▶ _Exercise requirements_:
Starting with the first line below, extract each line through the one that contains "Cocina Cabañas 6 Pax, Punta Cerezo, Cariló", inclusive, excluding pictures.
** Data to use follows **
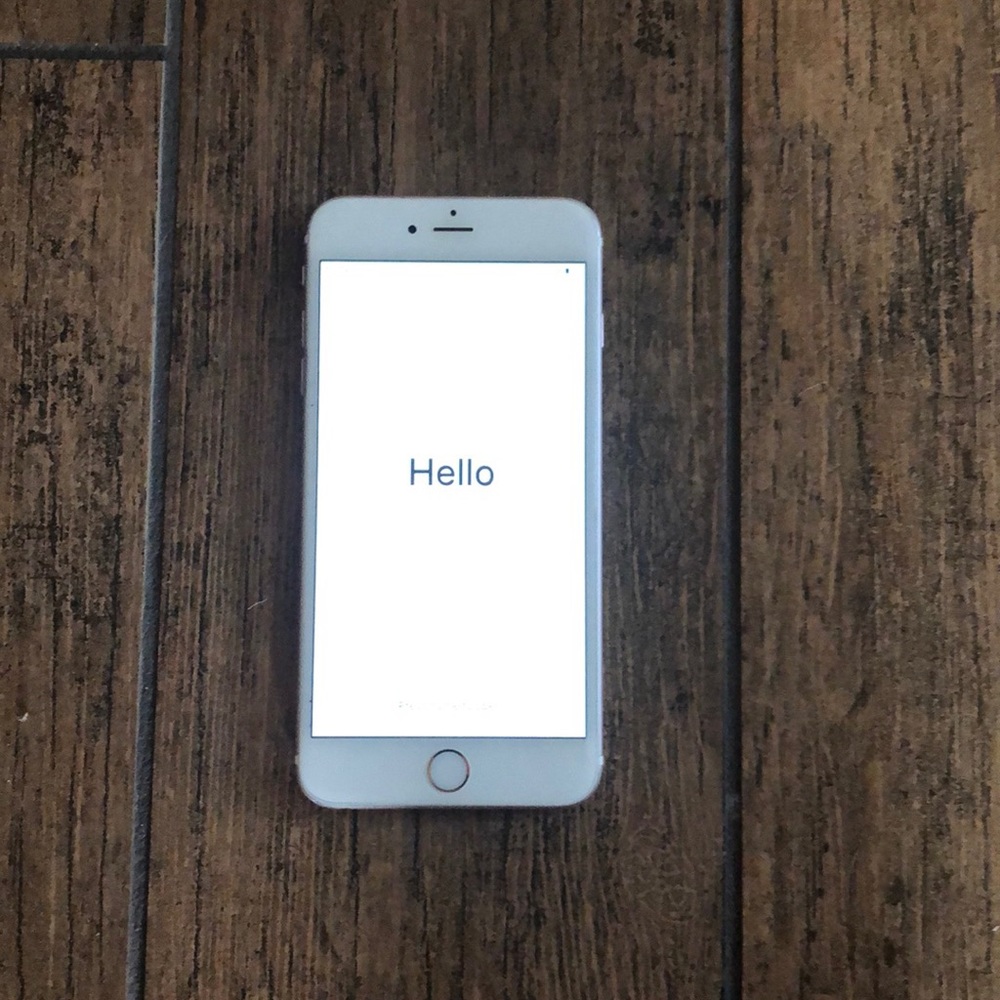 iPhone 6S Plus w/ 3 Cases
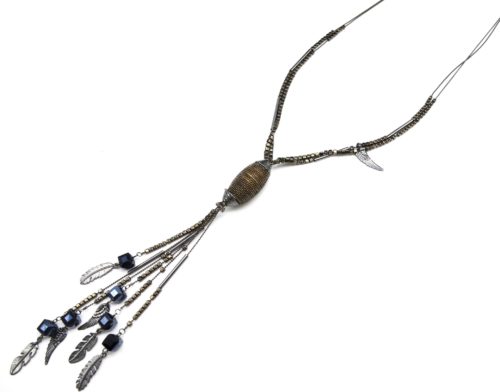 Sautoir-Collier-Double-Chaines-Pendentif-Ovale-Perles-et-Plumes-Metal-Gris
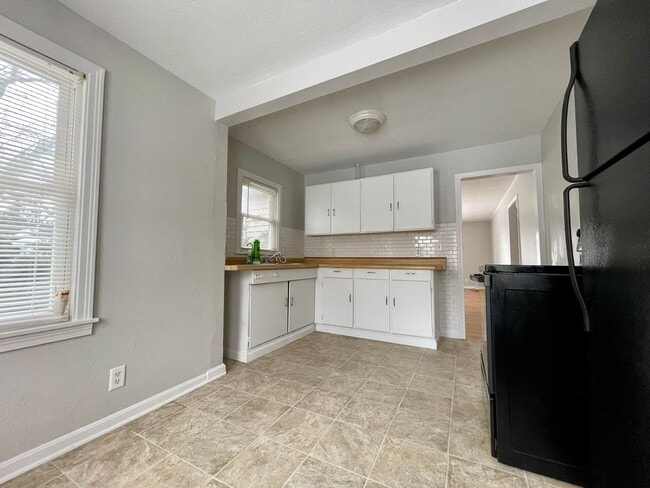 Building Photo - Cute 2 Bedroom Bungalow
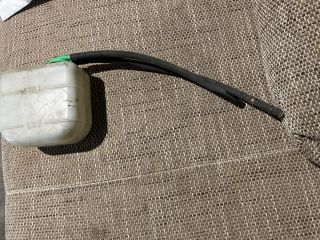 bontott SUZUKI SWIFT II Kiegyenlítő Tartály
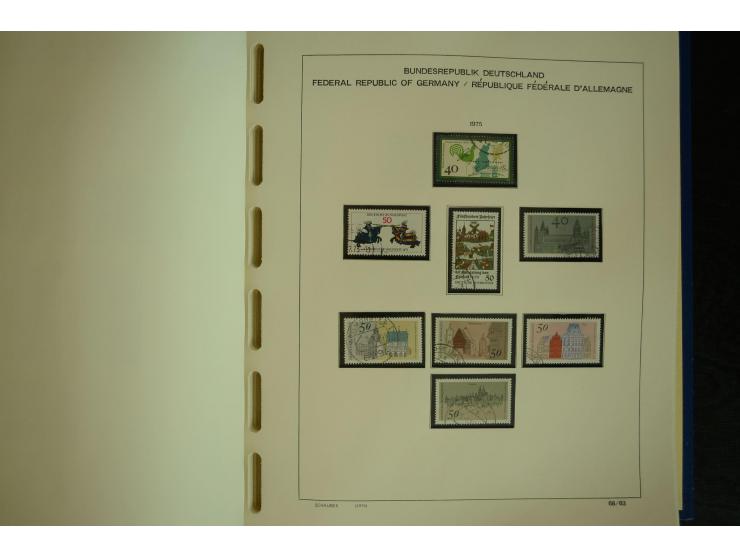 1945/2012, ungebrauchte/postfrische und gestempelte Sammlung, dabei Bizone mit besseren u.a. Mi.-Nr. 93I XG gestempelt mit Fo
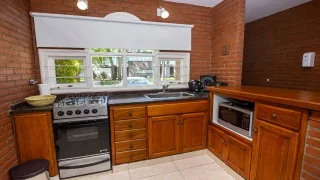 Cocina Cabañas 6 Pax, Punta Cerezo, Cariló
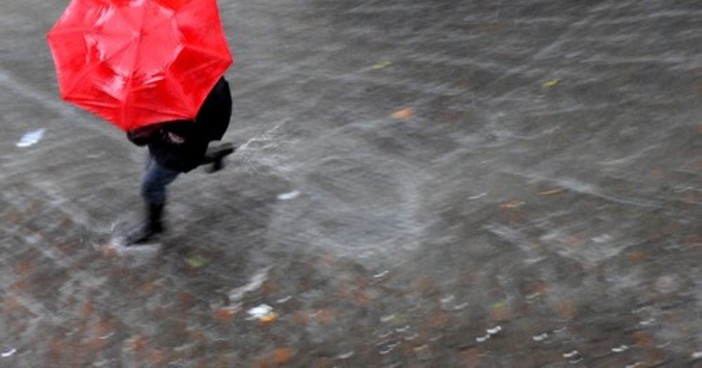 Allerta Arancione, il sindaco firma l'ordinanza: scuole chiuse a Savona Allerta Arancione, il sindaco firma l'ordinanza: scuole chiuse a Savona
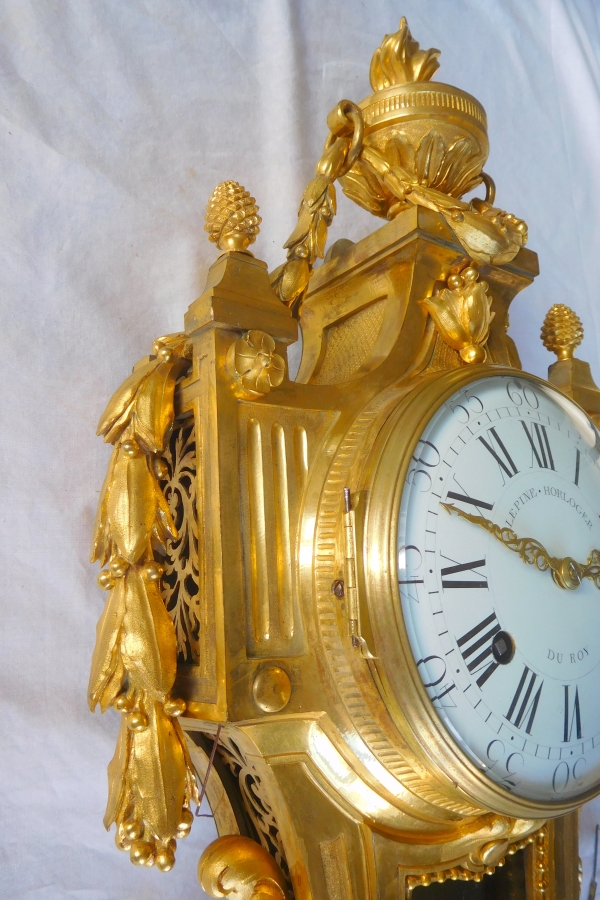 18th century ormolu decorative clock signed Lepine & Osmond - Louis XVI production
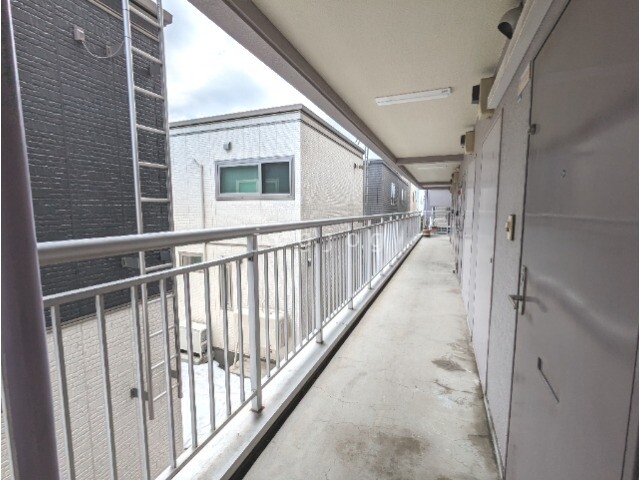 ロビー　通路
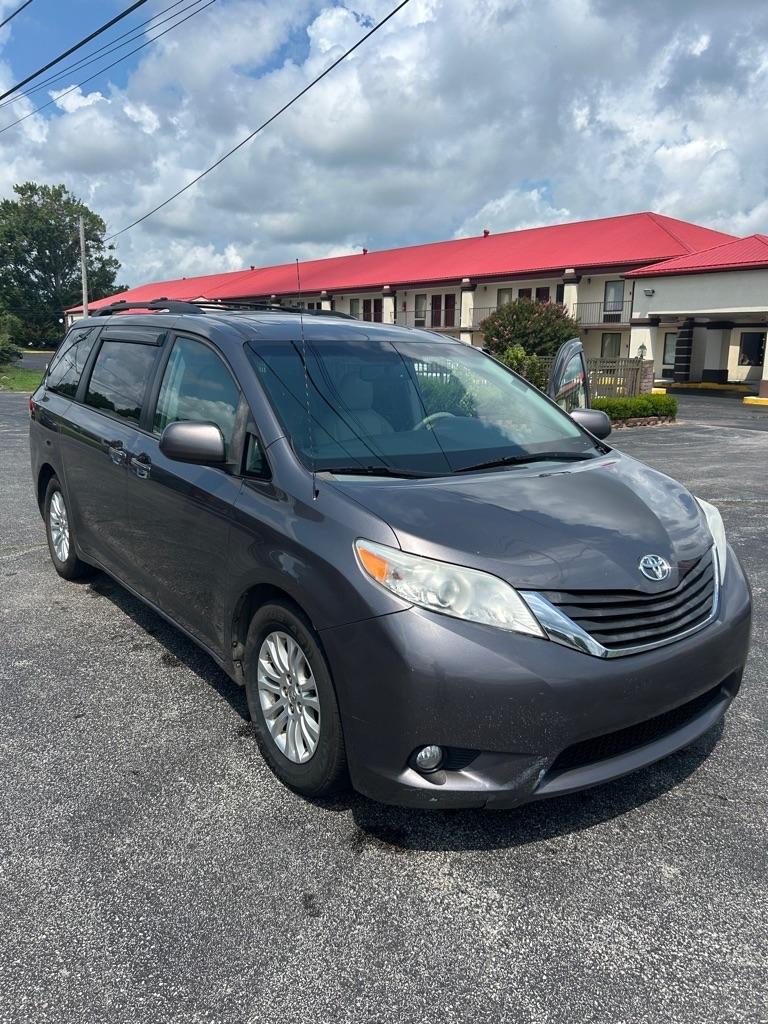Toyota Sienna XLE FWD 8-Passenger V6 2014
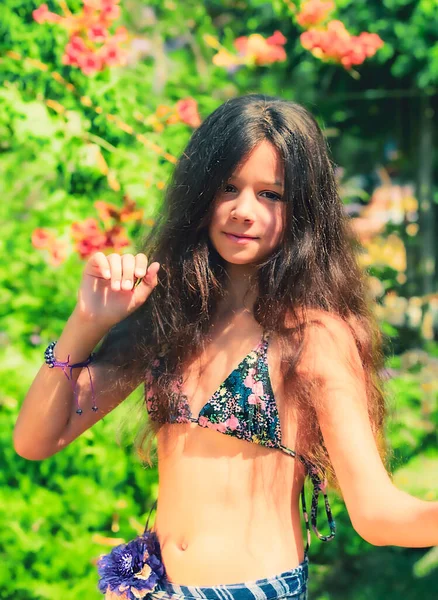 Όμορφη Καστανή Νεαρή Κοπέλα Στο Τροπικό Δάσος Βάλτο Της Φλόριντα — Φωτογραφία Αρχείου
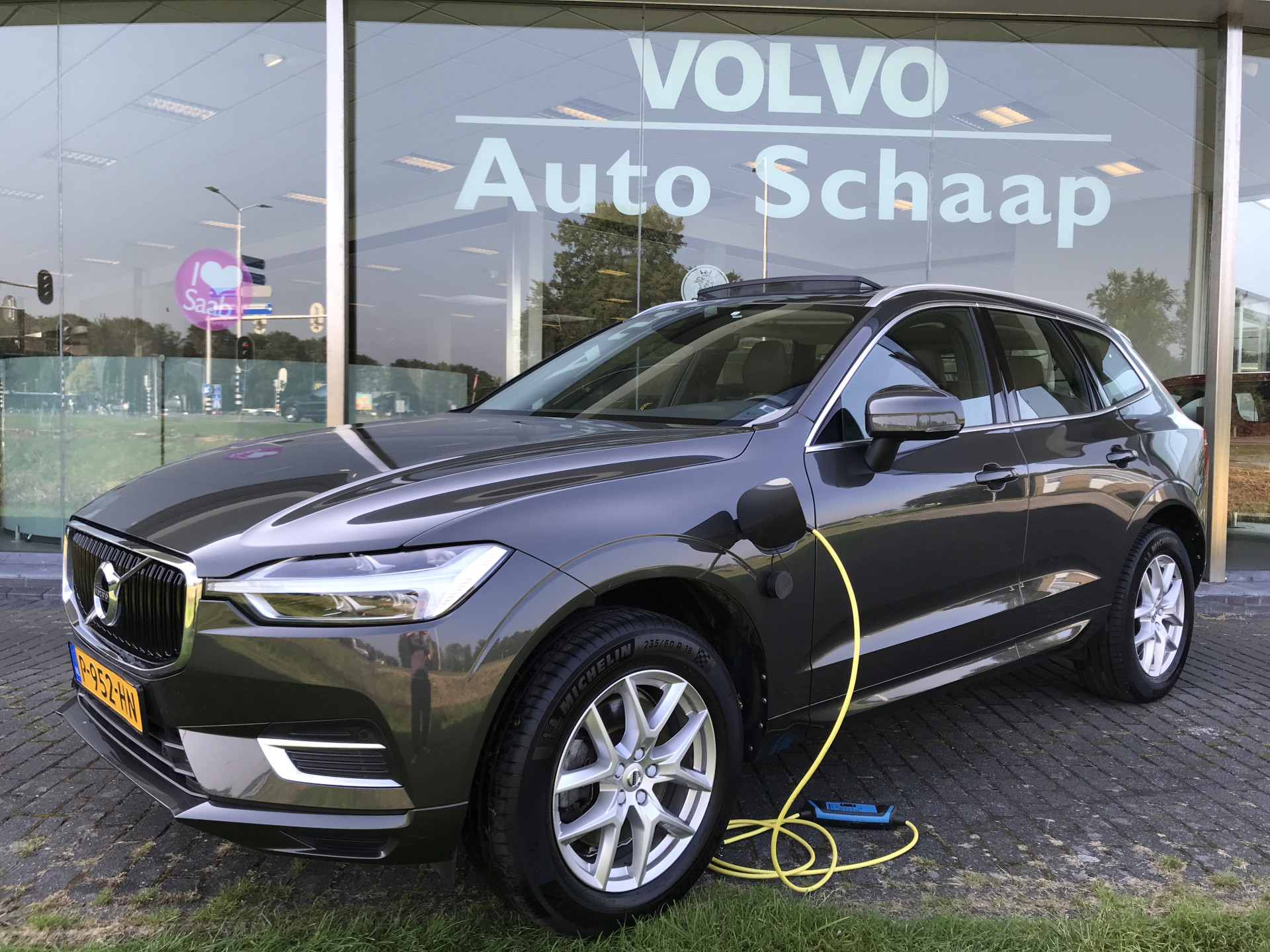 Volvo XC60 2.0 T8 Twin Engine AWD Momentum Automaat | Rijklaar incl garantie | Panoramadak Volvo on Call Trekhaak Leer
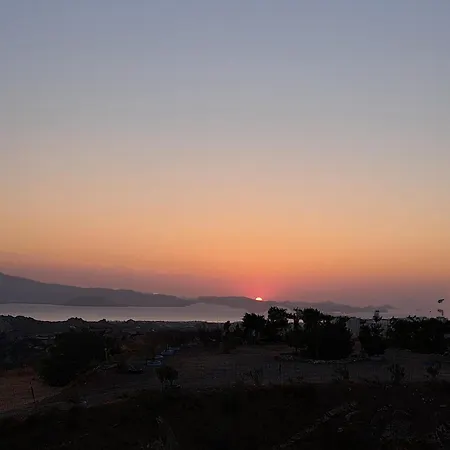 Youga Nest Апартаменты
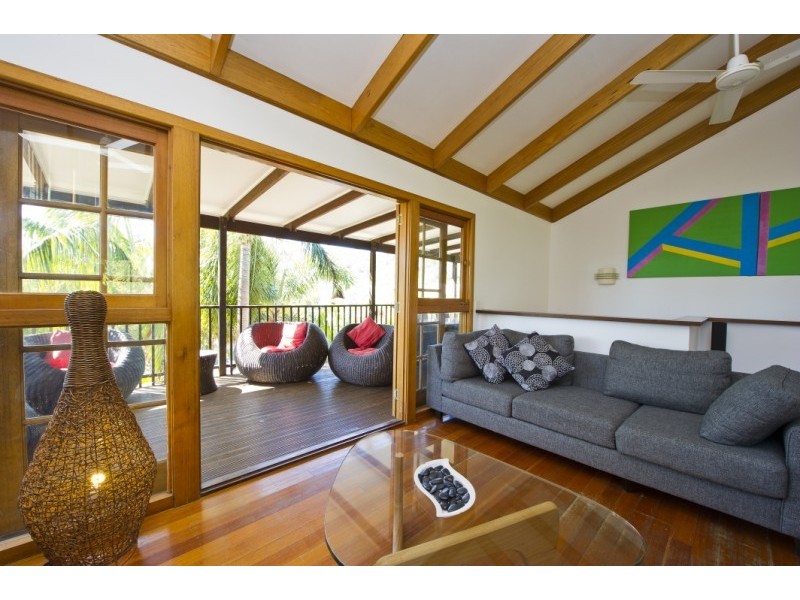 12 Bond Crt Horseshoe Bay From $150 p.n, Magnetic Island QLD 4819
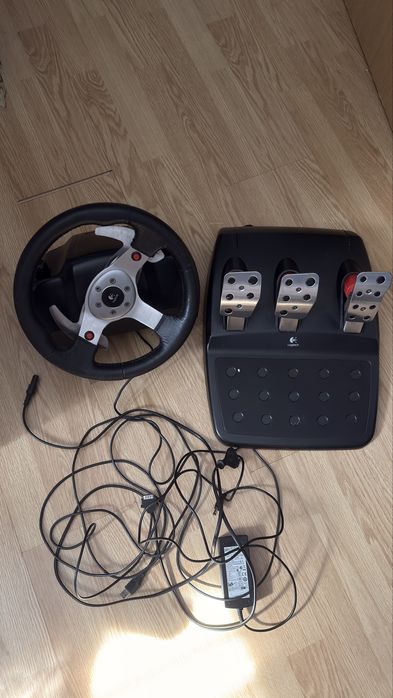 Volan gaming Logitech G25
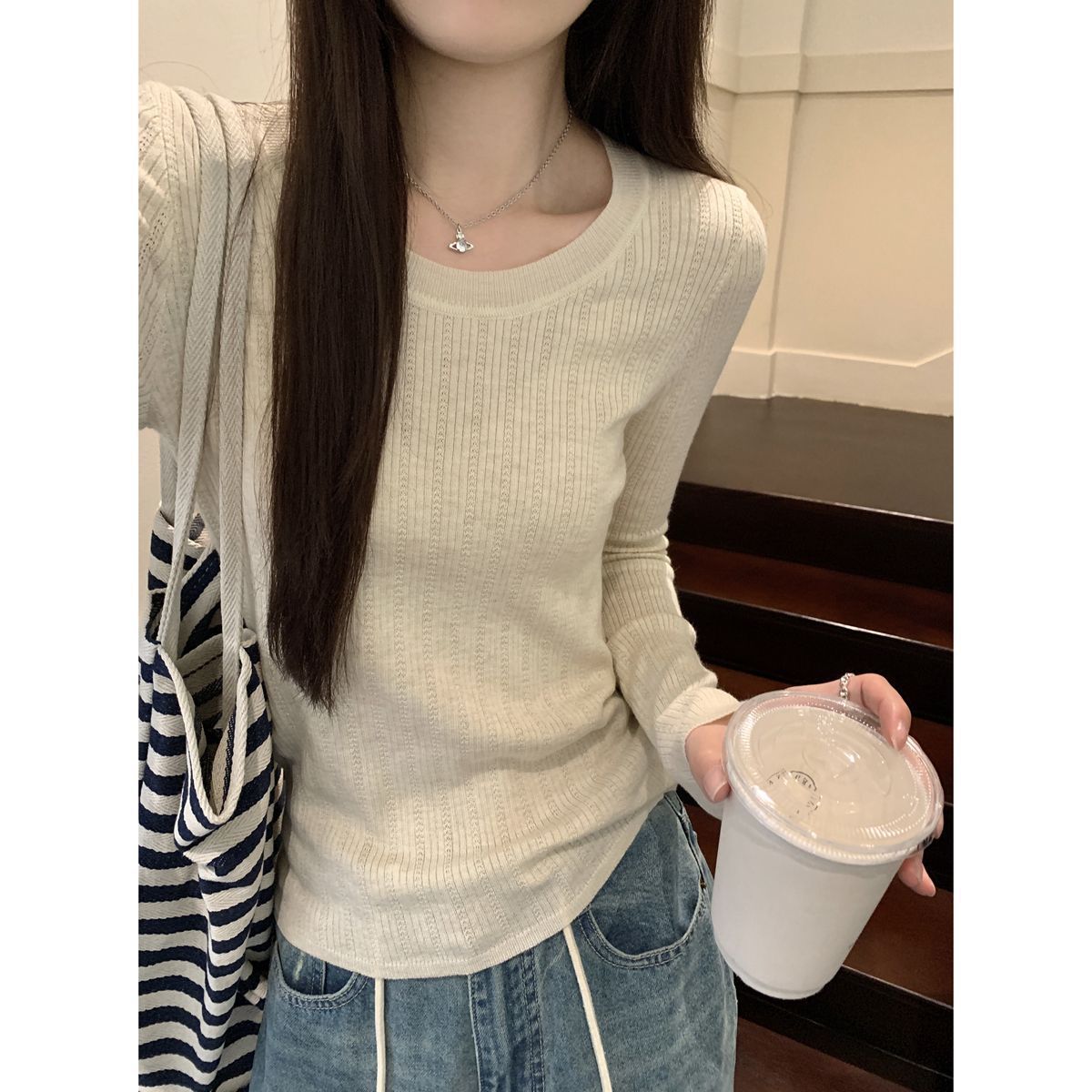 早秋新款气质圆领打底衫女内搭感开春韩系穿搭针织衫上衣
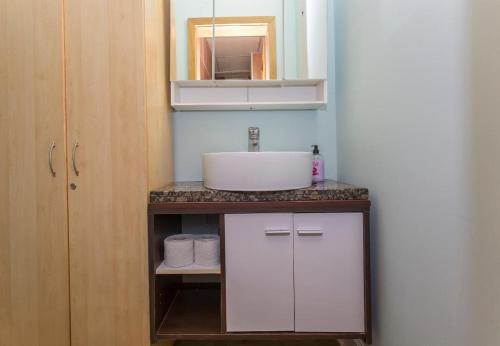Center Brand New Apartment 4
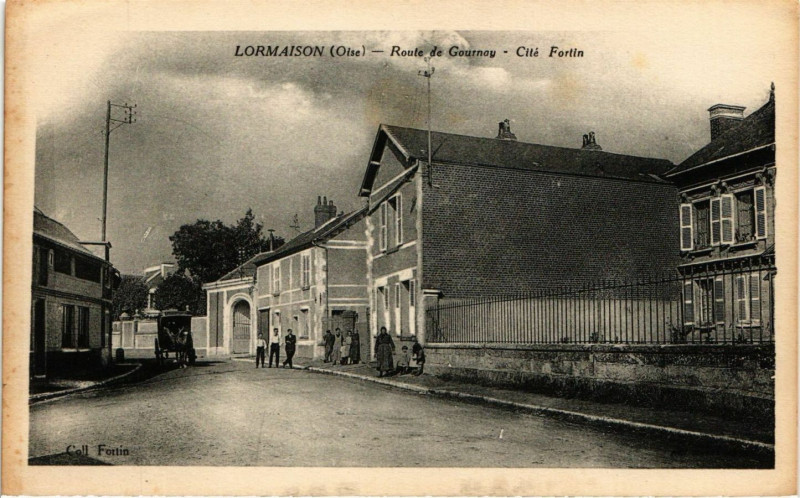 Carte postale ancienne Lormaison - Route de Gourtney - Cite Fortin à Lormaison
** End of Data to use **
▶ _Output for this task_:
 iPhone 6S Plus w/ 3 Cases
 Sautoir-Collier-Double-Chaines-Pendentif-Ovale-Perles-et-Plumes-Metal-Gris
 Building Photo - Cute 2 Bedroom Bungalow
 bontott SUZUKI SWIFT II Kiegyenlítő Tartály
 1945/2012, ungebrauchte/postfrische und gestempelte Sammlung, dabei Bizone mit besseren u.a. Mi.-Nr. 93I XG gestempelt mit Fo
 Cocina Cabañas 6 Pax, Punta Cerezo, Cariló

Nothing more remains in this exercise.